- **WHAT IS NEEDED**:
From the data that follows, set down exactly the lines from the one with "Może przedstawiać: Drewniany" through the one with "Empty wooden gift", counting both. Pictures stay out.

--- DATASET RECORDS ---

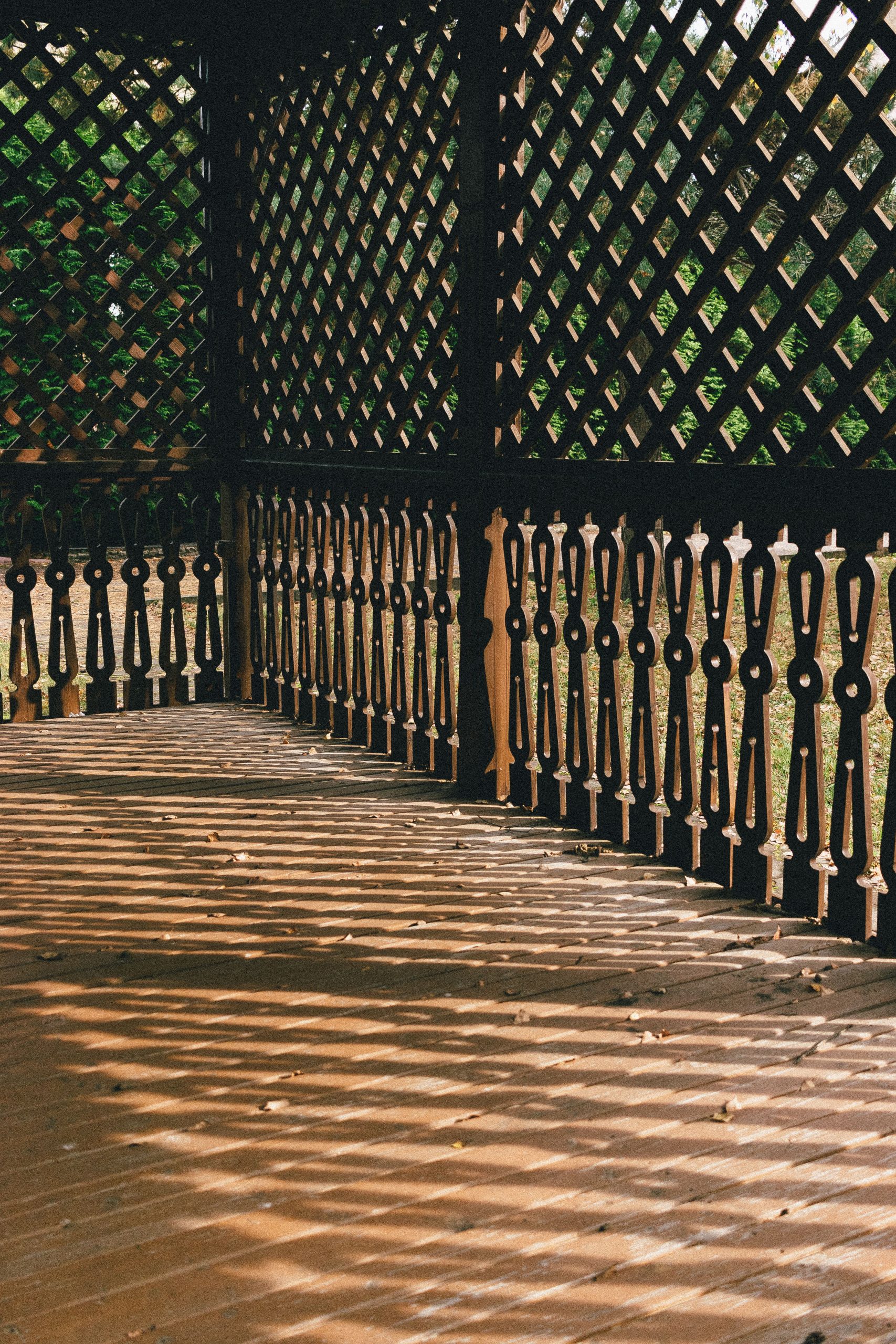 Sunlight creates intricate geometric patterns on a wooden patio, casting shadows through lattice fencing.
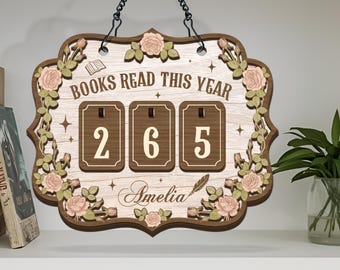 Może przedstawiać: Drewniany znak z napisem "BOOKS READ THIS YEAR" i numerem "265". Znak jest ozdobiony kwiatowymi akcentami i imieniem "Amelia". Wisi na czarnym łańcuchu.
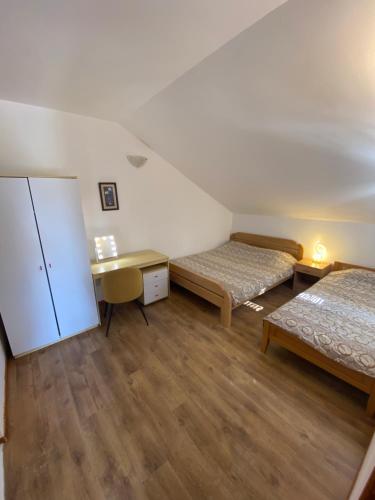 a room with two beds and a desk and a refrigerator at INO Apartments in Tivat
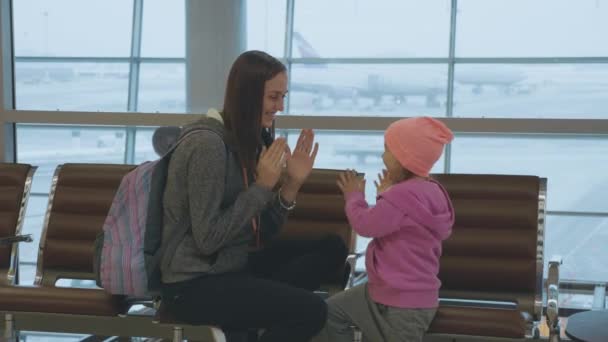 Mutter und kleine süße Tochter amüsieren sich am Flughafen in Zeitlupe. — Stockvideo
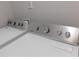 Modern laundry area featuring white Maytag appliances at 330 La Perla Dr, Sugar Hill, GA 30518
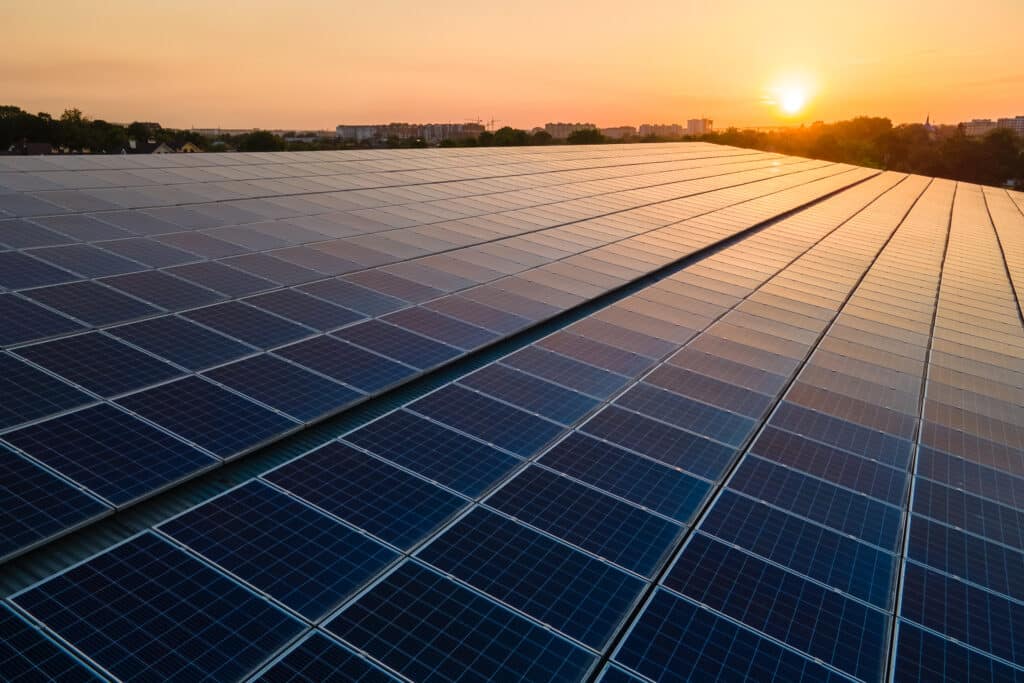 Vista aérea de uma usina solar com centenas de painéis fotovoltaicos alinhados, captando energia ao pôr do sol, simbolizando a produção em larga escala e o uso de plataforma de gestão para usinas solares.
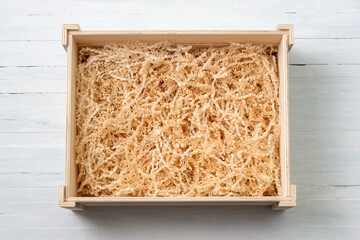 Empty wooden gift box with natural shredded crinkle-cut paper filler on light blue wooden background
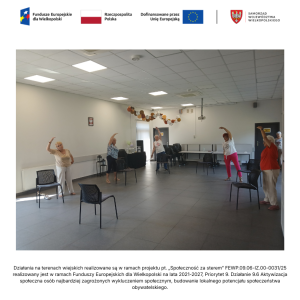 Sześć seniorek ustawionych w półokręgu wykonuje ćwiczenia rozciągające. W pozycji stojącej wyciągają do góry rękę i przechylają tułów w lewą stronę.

---

- **EXPECTED ANSWER**:
 Może przedstawiać: Drewniany znak z napisem "BOOKS READ THIS YEAR" i numerem "265". Znak jest ozdobiony kwiatowymi akcentami i imieniem "Amelia". Wisi na czarnym łańcuchu.
 a room with two beds and a desk and a refrigerator at INO Apartments in Tivat
 Mutter und kleine süße Tochter amüsieren sich am Flughafen in Zeitlupe. — Stockvideo
 Modern laundry area featuring white Maytag appliances at 330 La Perla Dr, Sugar Hill, GA 30518
 Vista aérea de uma usina solar com centenas de painéis fotovoltaicos alinhados, captando energia ao pôr do sol, simbolizando a produção em larga escala e o uso de plataforma de gestão para usinas solares.
 Empty wooden gift box with natural shredded crinkle-cut paper filler on light blue wooden background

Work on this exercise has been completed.